Experiences like that one explain why I am a huge fan of public libraries. The rise of computers use for school work, wikipedia replacing the encyclopedia has made me even a bigger advocate. I have always believed that kids who don’t have computers at home, by necessity, make more use of library computers – but can I prove it?
Since I had my hands on the 2007 Trends in International Mathematics and Science Study (TIMSS) data, I thought I’d take a look at the relationship between having a computer at home and use of a computer elsewhere.

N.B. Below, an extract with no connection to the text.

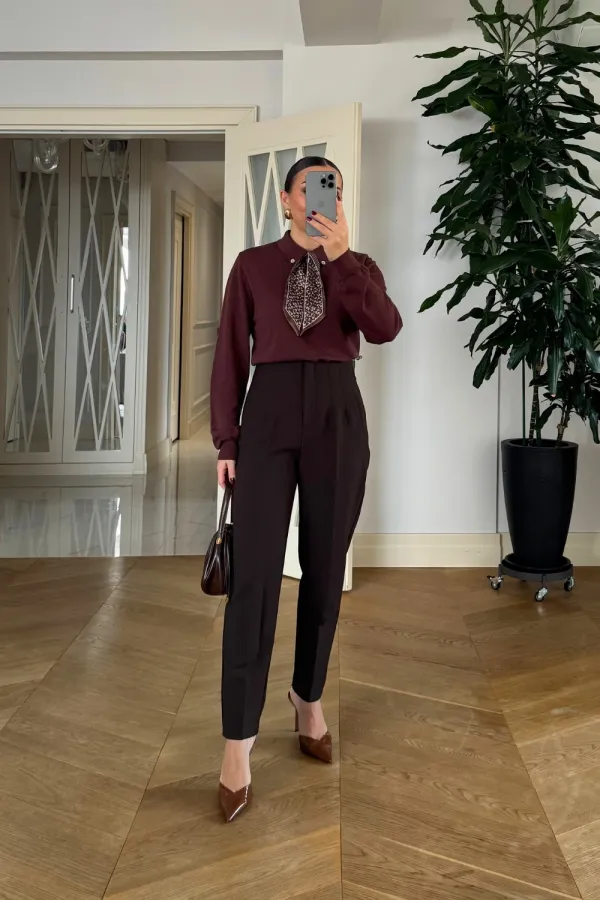 Yüksek Bel Pensli Kadın Pantolon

The nice thing about the TIMSS data is it specifically asked about school computer use, so the questions asked were:
Do you use a computer at home?
Do you use a computer at school?
Do you use a computer elswhere (public library, internet cafe, friend’s house)?
It is true that this last question does combine a number of options (although I don’t think too many eighth-graders are going to Internet cafes). That’s what happens when you use data you didn’t collect yourself, but I decided to plow ahead anyway….

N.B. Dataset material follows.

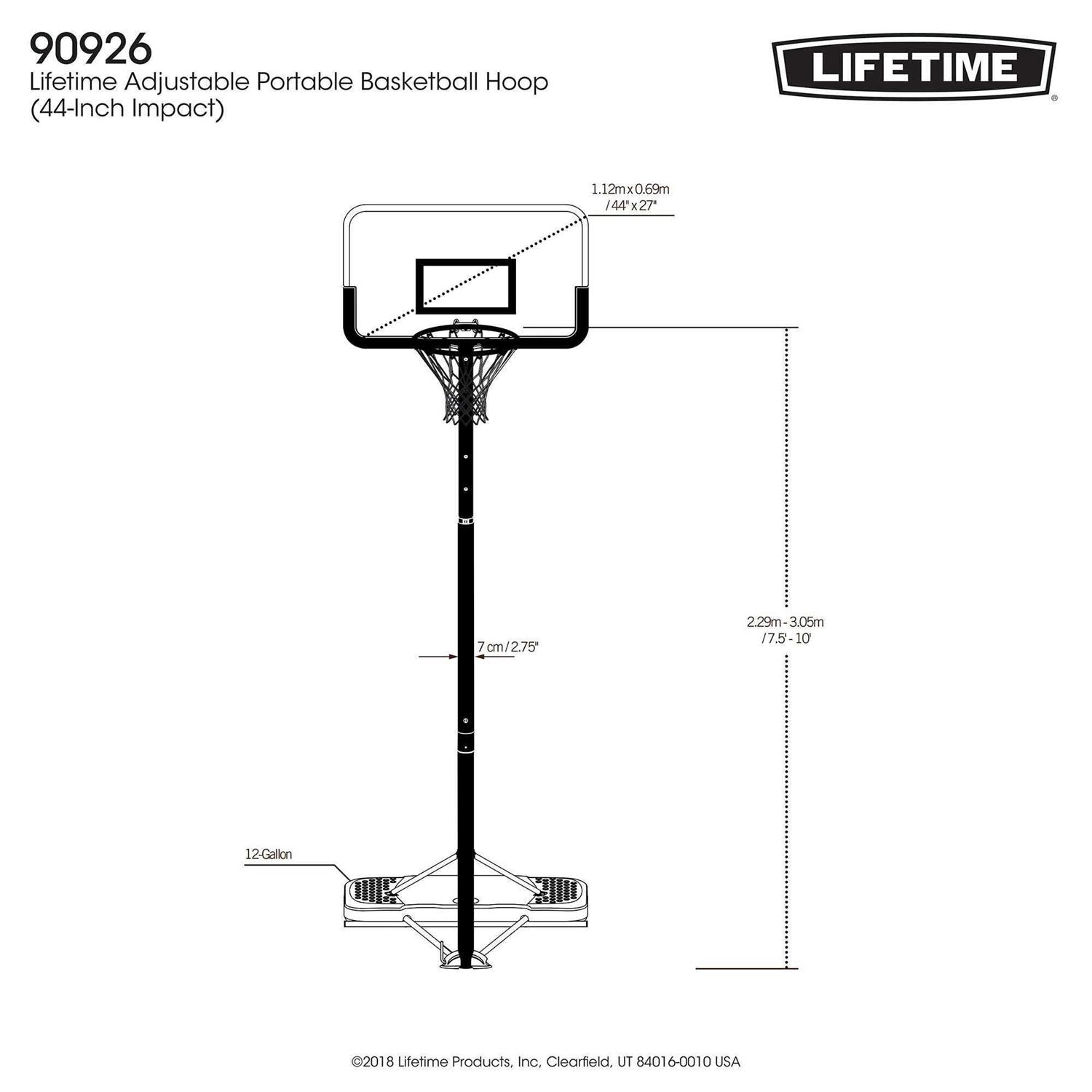 Lifetime Adjustable Portable Basketball Hoop - Sports Supplies Online Store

Below is the cross-tabulation of Use of computer at home by Use of computer elsewhere.
A couple of points I noted are:
- 91% of students in the survey DO use a computer at home
- Most students use a computer elsewhere whether they have a computer at home or not
- More students who DON’T have a computer at home (76%) use a computer other places, like at the library, than students who DO have a computer (60%)
- Another way to look at this is that students who DON’T have a computer at home are three times as likely to use a computer elsewhere as not about 75- 25. For students who DO have a computer at home, the odds are 60-40.

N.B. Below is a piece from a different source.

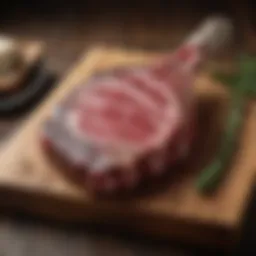 A beautifully marbled tomahawk steak displayed on a wooden cutting board.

So, given all of this, it seems like for that 9% of students who don’t have a computer at home, access to computers other places is relatively more important. Let’s look at this in terms of statistical significance. We can start by looking at a chi-square value, shown below.
So, we have a fairly whopping chi-square of over 66 with a p-value less than .0001 . This tells us that that there is a very significant relationship between having a computer at home (or not) and using a computer somewhere else. The Fisher’s exact test similarly rejects the null hypothesis. So, there is a relationship.
But that doesn’t really answer the question. The specific question I want answered is do students who don’t have a computer at home use computers elsewhere more than students who do.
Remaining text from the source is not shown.